Sunday, April 21, 2024

Seventh Heaven November 23, 2013

  

I still go back there in my dreams, see every inch of it, feel every vibration, smell the scents that struck me on my first visit, compounded by those moments later, the good and the sad one, her scent mingling with the odors that have accumulated, until they all swirl in my head in my memory.

In some ways, I am the ghost she senses, against whom she sometimes locked and unlocked the doors, a spirit that can no longer be there in the flesh, so must linger in the air outside, or down the block or in the air above the nearby river, condemned to remain and yet be excluded, imprisoned by my memories of what happened there, the breakfast vegetables, the afternoon delight, the glasses of wine seated on her couch.

Other men (perhaps better men) have come there, of course, spirits I felt each time I came and went, and often imagined during those late night texts, each of us finding pleasure in ourselves at a distance.

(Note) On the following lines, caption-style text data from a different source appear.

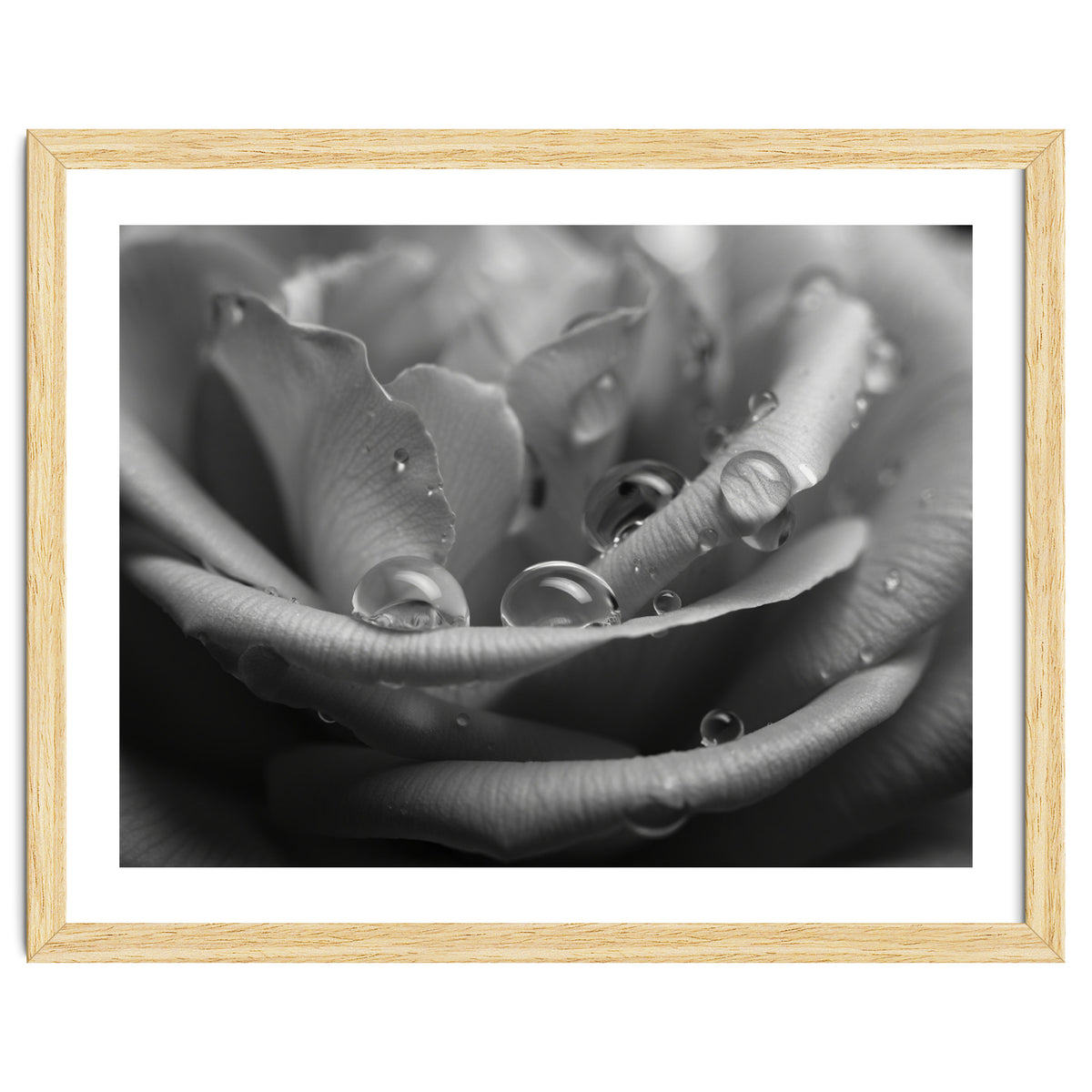 Ethereal Monochromatic Rose Petal Macro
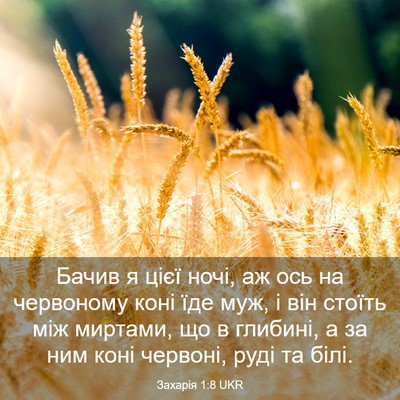 Picture 03 - Захарія 1:8 UKR - Бачив я цієї ночі, аж ось на - Bible Verse Picture
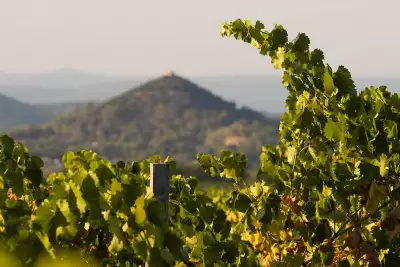 Ch&acirc;teau Cavalier vineyard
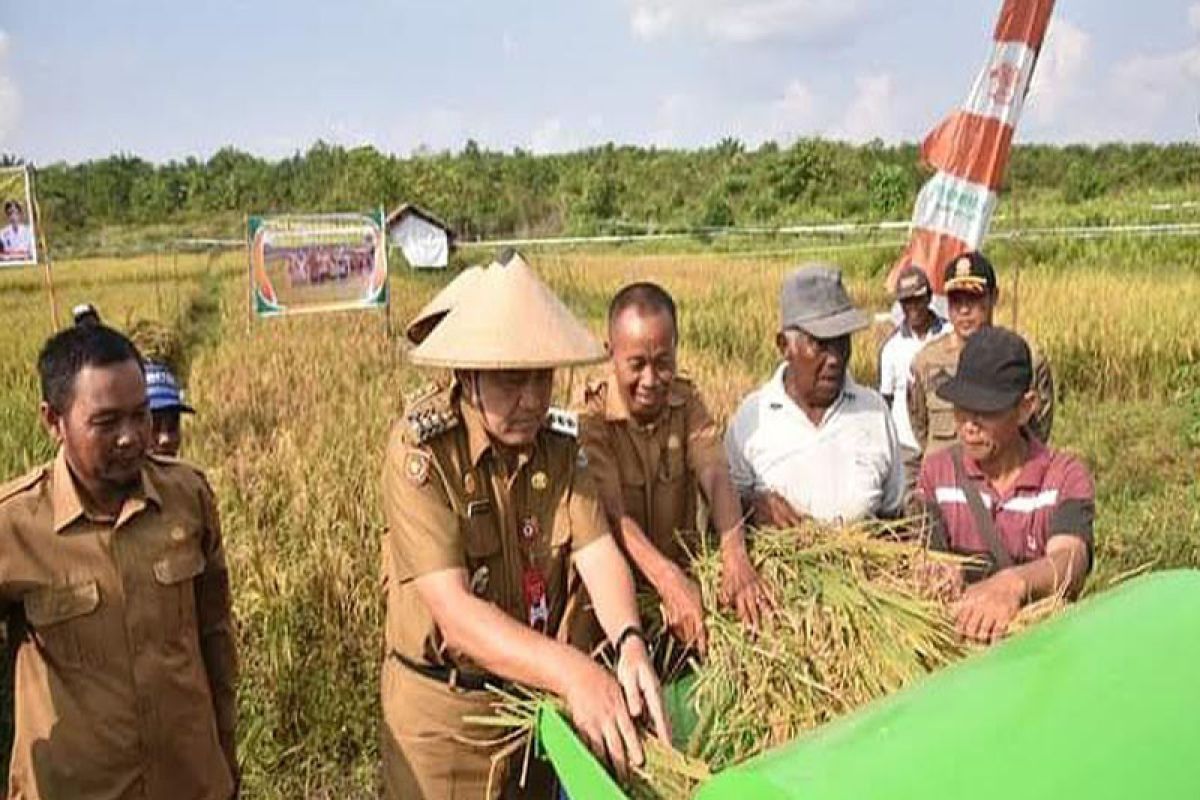 Pj Bupati Kobar ikut memanen padi di Karangsari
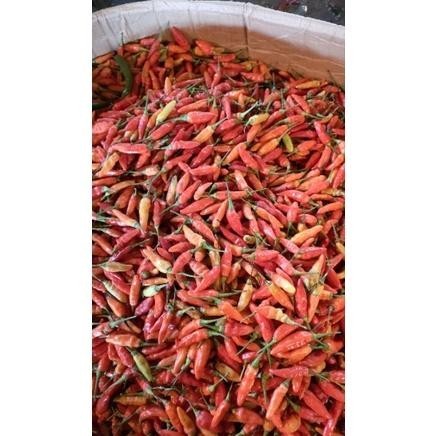 

Cabe / Cabai Rawit Merah Segar / Kg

She calls it a place of windows, as it is, but feels like a fortress to me, where she – that amazing figure from some old fairy tale, let down her hair long enough for me to climb into her life, her arms, her bed, which I repeat in memory long after I ceased being welcome in the flesh.

This is where her heart resides, beating fast when she is afraid, perpetually making her aware of loves gained and loves lost, a sunny world by day, but mysterious at night, especially with all those icons of her life, her paintings on the walls, books of her heroes, (mine and others), and the window in the kitchen where she perches bird-like when she smokes.

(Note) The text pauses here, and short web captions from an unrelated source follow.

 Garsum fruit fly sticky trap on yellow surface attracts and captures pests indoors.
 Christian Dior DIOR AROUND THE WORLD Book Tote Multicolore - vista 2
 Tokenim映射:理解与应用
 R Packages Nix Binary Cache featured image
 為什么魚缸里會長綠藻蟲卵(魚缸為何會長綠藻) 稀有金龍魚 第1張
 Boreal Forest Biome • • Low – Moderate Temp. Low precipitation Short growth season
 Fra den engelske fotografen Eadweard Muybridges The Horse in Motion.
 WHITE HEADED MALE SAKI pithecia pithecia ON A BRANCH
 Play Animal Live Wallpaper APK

It is a place I can see even with my eyes closed, the long rooms, and where we sat during those few times I was welcome, where we kissed on the couch, and later made love (once successfully) on her bed, my fingers still feeling the special places, the tender places and my mouth still tastes them as well.

The ache of it still clings to me even as it will long after she has departed it, when the reality no longer matches what I remember, and I cling to the memory because it is the only thing that is real, what I feel when stirring in my sleep, what I see when I close my eyes, what I taste – the wine, the woman and without doubt the song.

I will still remember her naked shape sprawled beside me, and will feel my fingers tingling from that touch long, long gone and perhaps she’s forgotten, that nakedness I first saw with the photographs she sent (and I kept and still cling to when all else has faded away).

I will dream, too, of her life spent here long after she’s ceased spending here, the troubled wakings, the rushed mid-mornings to get to work, the luxurious (and sometimes intensely lonely) evenings, shared, and sometimes greedily kept for herself, the lovemaking (imagined and experienced), the self-love when alone, the flow of her life that like the nearby river is never the same, yet always is, new things evolving into past experience as she gets on with her life.

And yet, I imagine there are things that have happened here that never happened before and never will again, treasured moments, maybe even treasured people whose memory she carries away with her the way I carry away my memories of her, to which I revisit time and again in my dreams, unreal, yet an absolute reality, full of pain of loss because they were once so full of joy, the touch and being touched, the kiss and being kissed, the feel of it all pressed against me, forever present and forever gone, the way all ghost stories are.